The following day, Suga, together with Captain Nagata and Dr Yamamoto, were flown to the Australian base on Labuan, to await their trials as war criminals. Suga committed suicide there on 16 September. Nagata and Yamamoto were later tried, found guilty and executed.

Photographers and cameramen accompanied the liberating force, and the events, and those of the following days, were well-documented. On liberation, the camp contained 2,024 inmates: 1,392 prisoners (including 882 British, 178 Australian and 45 Indian); and 632 internees.
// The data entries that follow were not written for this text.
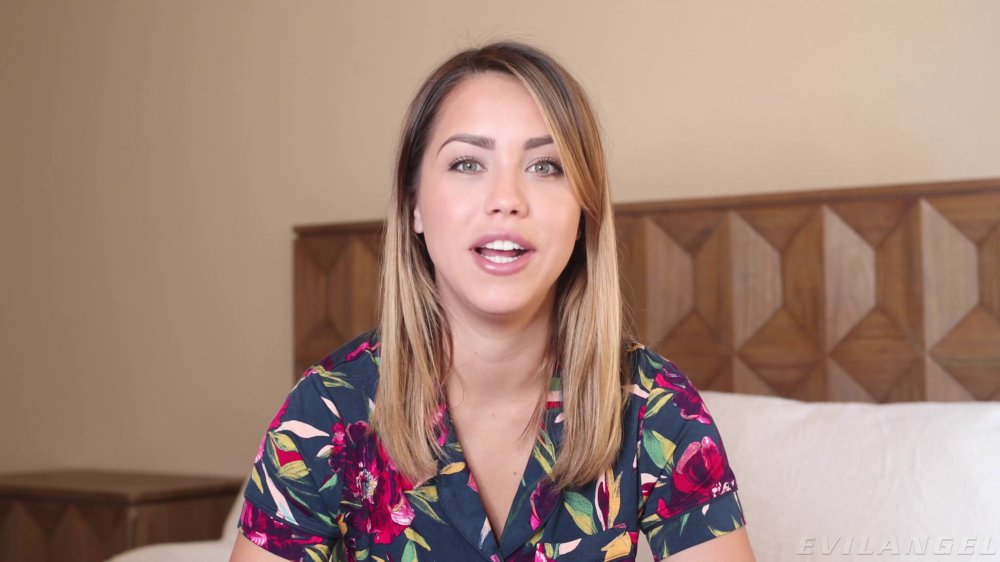 Preview image for alina lopez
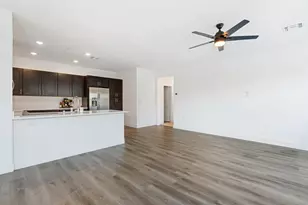 5301 E Commerce Way, Sacramento, CA 95835 - Photo 11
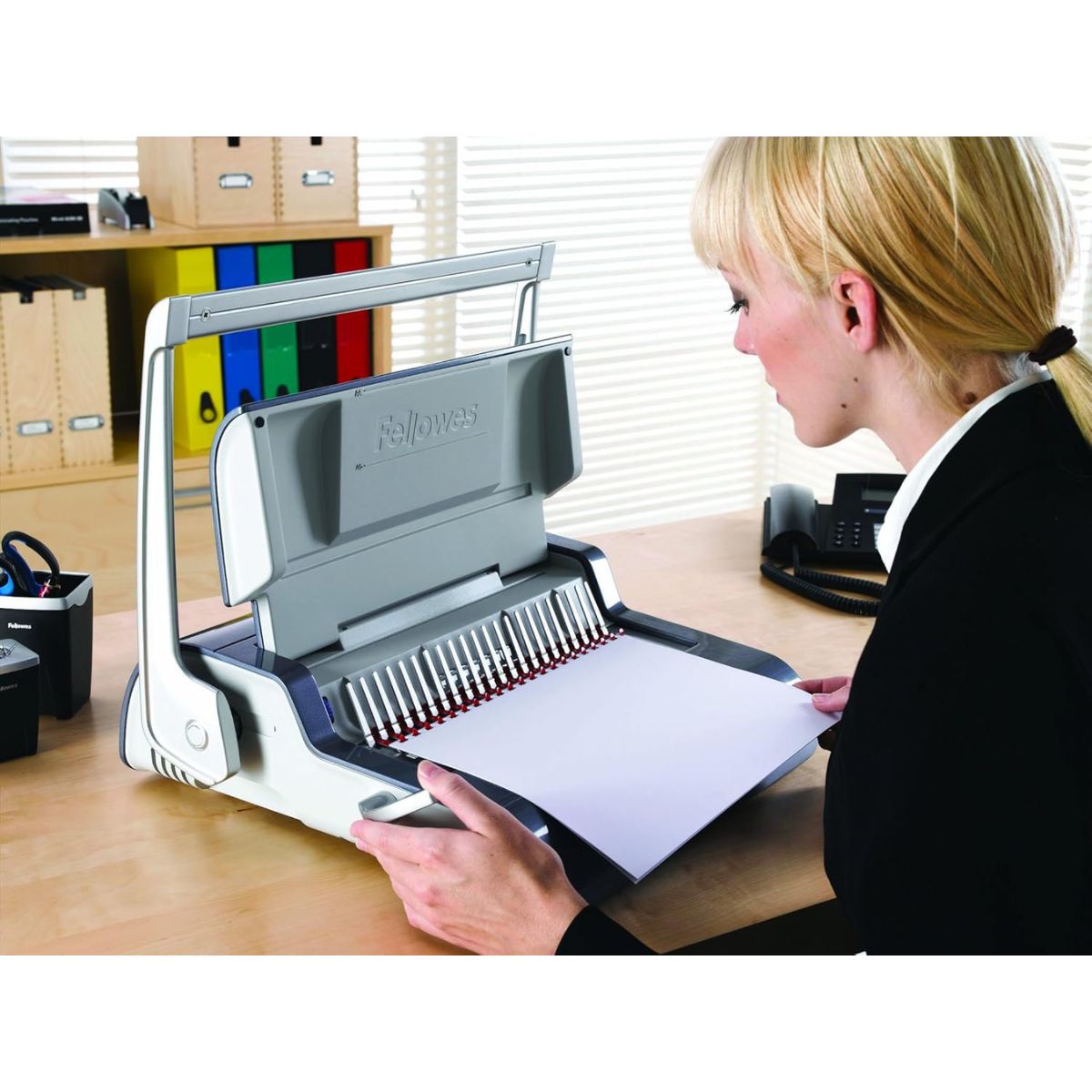 Fellowes Quasar+ 500 Manual Comb Binding Machine | 25 Sheet Punch Capacity | 500 Sheet Binding Capacity | 50mm Comb Size | Heavy-Duty Office Binder | Grey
The most ill prisoners were taken to Kuching Civil Hospital, which had been entirely refitted by the Australians since serving as the Japanese military hospital.

On 12 September, a thanksgiving service was held in the camp, led by two Australian chaplains from the liberating force and Bishop Francis S. Hollis of Sarawak, an ex-internee. This was followed by a parade held in honour of Wootten, as commander of the 9th Division. In appreciation of Beckett's work on the radio, fellow ex-prisoners in the camp subscribed over £1,000 for him, a massive sum of money for the time, which Beckett intended to use to set up a wireless business in London, his hometown.

Repatriation commenced on 12 September, and by 14 September, 858 former prisoners had been removed, though pressure of numbers meant that some were still at Batu Lintang a week after liberation. Ex-prisoners were transported by ship (including Wanganella, an Australian hospital ship) and in eight Douglas Dakotas and two Catalinas, to the 9th Division's "Released Prisoners of War and Internees Reception Camp", and the 2/1st Australian Casualty Clearing Station (CCS) on Labuan, before continuing their journeys homeward.

The captured Japanese soldiers were then held at Batu Lintang camp. There they were visited by J. B. Archer, an ex-internee, who noted "There were about eight thousand of them ... it was difficult not to feel aggrieved at the good treatment they were receiving compared to what we had received at their hands. A lunch of fried rice, fish, vegetable and dried fruit was shown to me. This, I was told, was just an ordinary sample."